Время от времени царь устраивал для Невской флотилии дальние походы – в Екатерингоф, Стрельну, Петергоф, Кроншлот и даже Ревель. Суда выстраивались в три эскадры. По пути приходилось выполнять различные маневры – ставить и убирать паруса, отдавать якоря, строиться в боевую линию. В императорской шлюпке часто находилась императрица с дочерьми. Царь, одетый как простой матрос, стоял у штурвала.

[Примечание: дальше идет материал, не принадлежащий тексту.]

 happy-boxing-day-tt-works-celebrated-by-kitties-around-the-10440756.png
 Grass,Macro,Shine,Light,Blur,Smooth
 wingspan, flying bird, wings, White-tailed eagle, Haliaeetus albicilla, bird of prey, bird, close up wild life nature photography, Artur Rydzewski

Журнал «Морской сборник» в 1849 г. отмечал, что «„Невский флот“ будет постарее всех европейских яхт-клубов», но «учрежденный довременно и насильственно, он мог существовать только при его [Петра] воле». После смерти императора «Невский флот» постепенно прекратил свое существование.
Первые церкви
Пётр I был верующим человеком. Он охотно стоял службы и пел в церквях, знал наизусть «все часы и обедню». Именно поэтому одним из первых шагов при строительстве Санктпитербурха стало возведение в 1703–1704 гг. деревянной церкви Святых Петра и Павла на Заячьем острове. Позднее церковь разобрали и перенесли в Солдатскую слободу на Петербургской стороне. На ее месте в 1712–1733 гг. был возведен грандиозный Петропавловский собор по проекту архитектора Д. Трезини. Царю хотелось, чтобы высота шпиля превышала высоту самого высокого сооружения Москвы – колокольни Ивана Великого. Шпиль должен был символизировать положение новой столицы в созидаемом Петром государстве.

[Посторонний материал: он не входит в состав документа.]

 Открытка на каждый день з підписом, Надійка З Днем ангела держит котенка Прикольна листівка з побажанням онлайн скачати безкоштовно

Являясь покровителем православных христиан, царь был чрезвычайно терпим к другим религиозным конфессиям: «Пётр Великий, устремляя в Амстердаме проницательное свое внимание на все, между прочим приметил и то, что там жили люди почти всех исповеданий веры, какие только есть в мире, и сколь мнения их, касающиеся до религии, ни были различны, однако ж все они имели публичные свои церкви или домы собрания, в которых отправляли свое богослужение. Российский монарх посетил большую часть сих различных церквей из любопытства, желая узнать образ их богослужения. Паче всего нравилось государю миролюбие, с каким жили в одном месте люди столь многих разных исповеданий без всяких споров не только на письме, но даже и в разговорах между собою. Некогда говорил он о сем с одним из голландских правителей и узнал от него, что Амстердам есть место, открытое всем нациям для торговли, где всякому позволено свободное отправление своего богослужения, если оно не мешается в собственные их касающияся до религии дела и не нарушает спокойствие людей иного исповедания, ибо правительство не имеет нужды заботиться о том, чему верят иностранные жители или каким образом отправляют они богослужение, если только они не преступают законов той земли, в которой живут. Государь <…> хвалил сие учреждение и сказал, что намерен то же учинить в новом своем городе Петербурге. И в самом деле он исполнил сие, не только позволивши иноверцам всякого христианского исповедания строить там церкви свои в назначенных местах и отправлять публичное богослужение, но и давши им свободу избирать собственный свой церковный совет, который бы по законам и обычаям своего исповедания решал брачные и церковные дела, случающиеся между ими, не завися ни от Правительствующего Синода, ни от какого-либо другого Суда или какой-либо коллегии».